Le stime del numero totale delle diverse specie di organismi viventi sulla Terra sono basate su criteri molto diversi tra loro, che vanno dalle proiezioni nel futuro dei tassi di scoperta di nuove specie che si sono verificati nel passato, oppure su deduzioni relative al numero di artropodi presenti sulla chioma degli alberi tropicali, oppure sull’esame delle relazioni esistenti tra il numero di specie conosciute e le loro dimensioni corporee ecc. I differenti approcci hanno portato a stime molto diverse del numero totale di specie esistenti sulla Terra. In ogni caso, l’ordine di grandezza di questo dato è di alcuni milioni di specie, le quali mediamente sopravvivono circa un milione di anni prima di estinguersi. Un numero così grande non deve farci dimenticare che il tasso di estinzione causato dalle attività antropiche (soprattutto distruzione di habitat) è di decine di volte superiore rispetto a quello precedente la comparsa dell’uomo.

Pertanto, dove ricercare la biodiversità e perché ricercarla? La biodiversità (o diversità biologica) è ovunque ed è abbondante, ma non per questo è meno preziosa. Bisogna però allenarsi a riconoscerla. Qualunque piccolo habitat, perfino quelli urbani, possono talvolta riservarci delle piccole sorprese, se si è attenti ed appassionati. Tuttavia, è indubbio che vi sono alcune regioni dove la biodiversità di manifesta in maniera potente ed eclatante.

Tutte le Alpi, ad esempio, come buona parte delle catene montuose di fascia temperata, presentano un’interessante successione di piani altitudinali della vegetazione che consentono di osservare, in una semplice escursione a piedi in salita di poche ore, l’equivalente di un viaggio attraverso molti gradi di latitudine in direzione nord (quindi migliaia di chilometri), ossia dai 45° latitudine nord dei fondovalle alpini delle nostre regioni fino ai 60° latitudine nord delle regioni scandinave.

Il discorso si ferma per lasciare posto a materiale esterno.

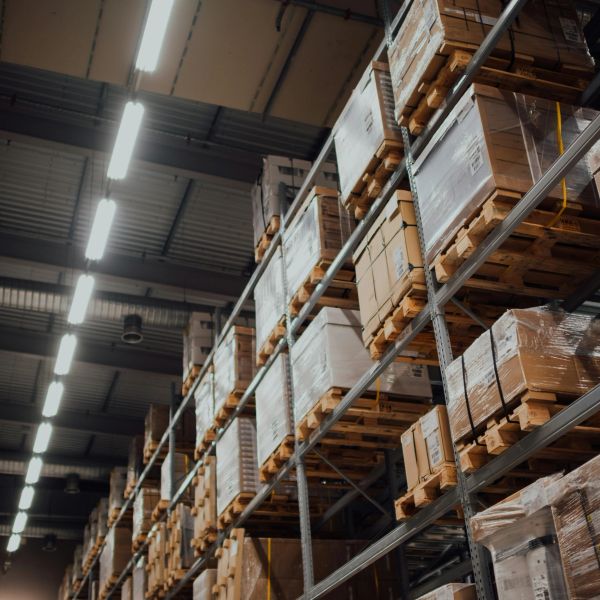 Tall warehouse shelves stacked with pallets of boxed goods under bright lights.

Sulle Dolomiti, un’escursione che massimizza una notevole varietà di ambienti e conseguenti osservazioni naturalistiche è l’anello dell’Antelao. Stranamente, a differenza di altri anelli, non è molto frequentato; gli escursionisti preferiscono in genere la cima del “Re delle Dolomiti”. È un peccato, perché il periplo di questa montagna consente tre giorni di entusiasmante avventura in ambienti grandiosi. Si tratta di un percorso adatto ad escursionisti di buon livello, con dislivelli giornalieri che possono arrivare al migliaio di metri, con alcuni brevi tratti esposti dotati di cavi metallici.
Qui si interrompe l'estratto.